Kutsal Kitap, biyoloji, jeoloji, astronomi ve arkeoloji gibi bilim dallarıyla doğrulanabilir. Arkeoloji alanında son 150 yılda yüz binlerce eser keşfedildi. Örneğin, Kutsal Kitap’ta Hitit uygarlığından bahsedilmesi bazı şüphecileri harekete geçirdi. Çünkü Hititler diye bir halk bilinmiyordu. Ancak 1876’da yapılan araştırmalar sonucunda antik Hitit uygarlığının varlığı belgelendi. Arkeoloji, Kutsal Kitap’ın tarihselliğini desteklemeye devam ediyor. Henry M. Morris’in dediği gibi, ‘‘Kutsal Kitap’ın herhangi bir noktada hatalı olduğunu kanıtlayan arkeolojik bir bulgu bulunmamaktadır.’’
Mitolojiden farklı olarak Kutsal Kitap tarihi bilgilere önem verilerek yazıldı. Luka 1:1-4 şöyle der: ‘‘Birçok kişi aramızda olup bitenlerin tarihçesini yazmaya girişti. Nitekim başlangıçtan beri bu olayların görgü tanığı ve Tanrı sözünün hizmetkârı olanlar bunları bize ilettiler. Ben de bütün bu olayları ta başından özenle araştırmış biri olarak bunları sana sırasıyla yazmayı uygun gördüm. Öyle ki, sana verilen bilgilerin doğruluğunu bilesin.’’ Luka’da mucizelere yer verildi mi? Elbette evet. Birçoğu tanıklar tarafından doğrulanan mucizelerdi. İki bin yıl sonra, şüpheciler Luka’nın anlattıklarına efsane diyebilir, ancak bunu doğrulayacak bir kanıt bulamaz.
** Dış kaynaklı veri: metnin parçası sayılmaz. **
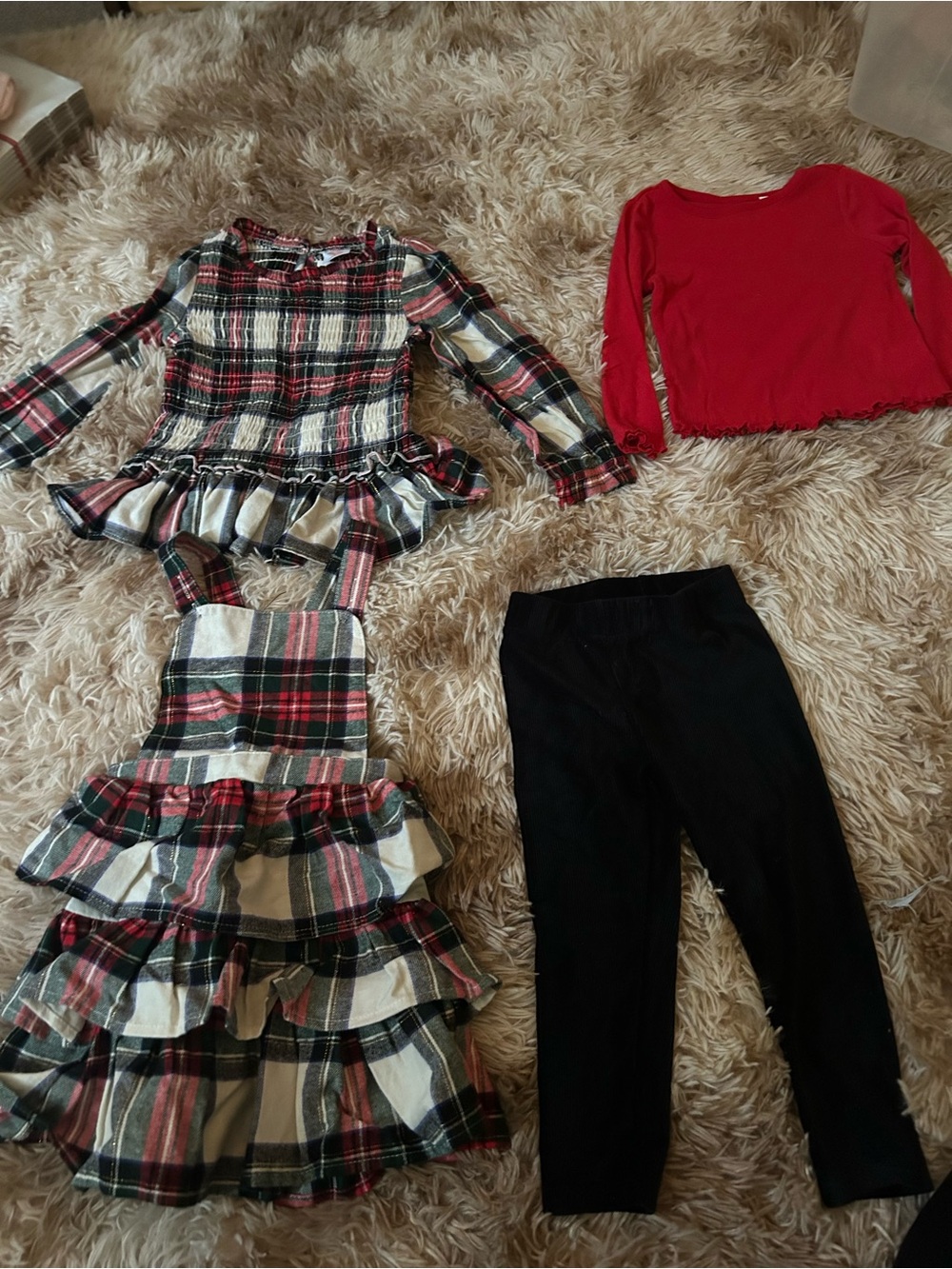 wonder nation Red Plaid Tiered Dress Set with Black Leggings - Picture 1 of 1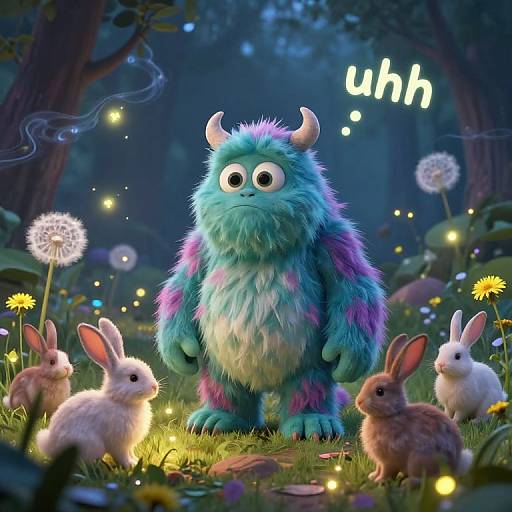 Digital artwork of a fluffy, blue-purple monster with horns, standing in a magical forest at night, surrounded by glowing fireflies and white rabbits, with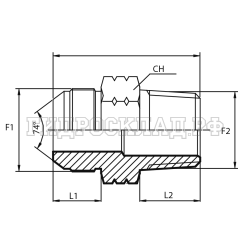 Адаптер  JIC(ш) 1.5/16" - NPT(ш) 3/4" (Китай)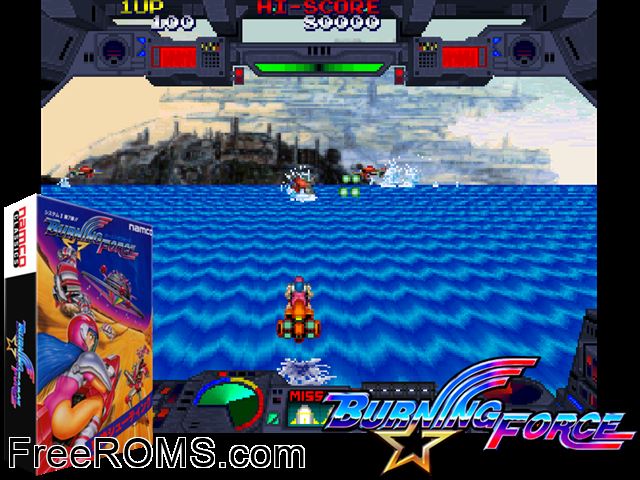 Burning Force (Japan new version) MAME game showing 3D box cover and gameplay screenshot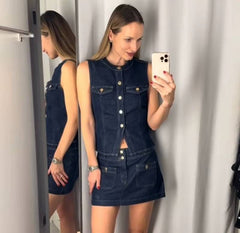 Casual O-neck Single Breasted Top Vest High Waist Mini Skirts 2 Pieces Sets Mssza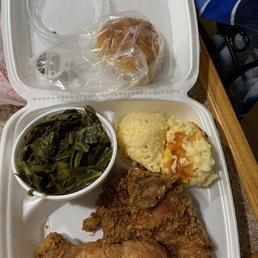 Fried chicken, Mac and cheese, collared greens, and biscuit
Mitolojiden farklı olarak, Kutsal Kitap’ta gerçekleşmiş kehanetler yer alır. Mitolojide kehanetlere yer verilmez, ancak Kutsal Kitap’ın büyük bir kısmında kehanetlere yer verilir.
Kutsal Kitap, 700’den fazla konuyla ilişkili 1.800’den fazla kehanet içerir. Sadece Eski Antlaşma’da 300’den fazla kehanet bulunur ve çoğu şimdiden gerçekleşmiştir. Bu mucizevî kehanetler, sadece her şeyi bilen Tanrı’nın doğaüstü rehberliğiyle gerçekleşebilir (Yşa. 46:9-10). Mitolojiden farklı olarak, Kutsal Kitap sayısız yaşamı değiştirdi. Ancak Kutsal Kitap’ı hiçbir zaman incelememiş olanlar, başkalarının düşüncelerini benimseyerek şüpheye düşüyor. Oysaki, herkes Kutsal Kitap’ı kişisel olarak incelemelidir.
Kutsal Kitap’ın ilkelerine göre yaşayın ve Tanrı Sözü’nün sizi değiştirmesine izin verin. Bağışlama üzerine öğretilerini uygulayın. Tanrı Sözü’nün bozulmuş bir ilişkiyi nasıl onarabileceğini görün. Öğretilerini inancınıza uygulayın ve sıkıntılı bir dönemde esenlik veren Tanrı’yı hissedin. Kutsal Kitap her zaman işlemeye devam eder. Dünyanın dört bir yanındaki imanlıların, Tanrı’nın yaşam veren gerçeğini duyurmak için hayatlarını tehlikeye atmasının nedeni budur. Gururuna teslim olanlar Tanrı Sözü’nü reddediyor. Kişisel inançlarına bağlı kalmak isteyenler, dürüstçe araştırmayı kabul etmiyor.
Kutsal Kitap’ın gerçek olduğunu kabul etmek, Tanrı’ya ve Sözü’ne karşı sorumlulukları düşünmeyi gerektirir. Kutsal Kitap’ın gerçek olduğunu kabul etmek, yaşam şeklini değiştirmeyi gerektirir. Erwin Lutzer şöyle der: ‘‘Gerçek şu ki, özellikle dini konularda çok az insan açık fikirlidir. Bundan dolayı sapkın doktrinler ve önyargılar nesiller boyu varlığını sürdürür.’’
Her yıl milyonlarca insan, Kutsal Kitap’ın gerçek olmadığını iddia ederek yaşamını kaybediyor. Herkesi Kutsal Kitap’ı açık fikirlilikle okumaya davet ediyoruz. Öyle ki, Tanrı Sözü’nün gerçek olduğunu anlayabilesiniz (Yu. 17:17).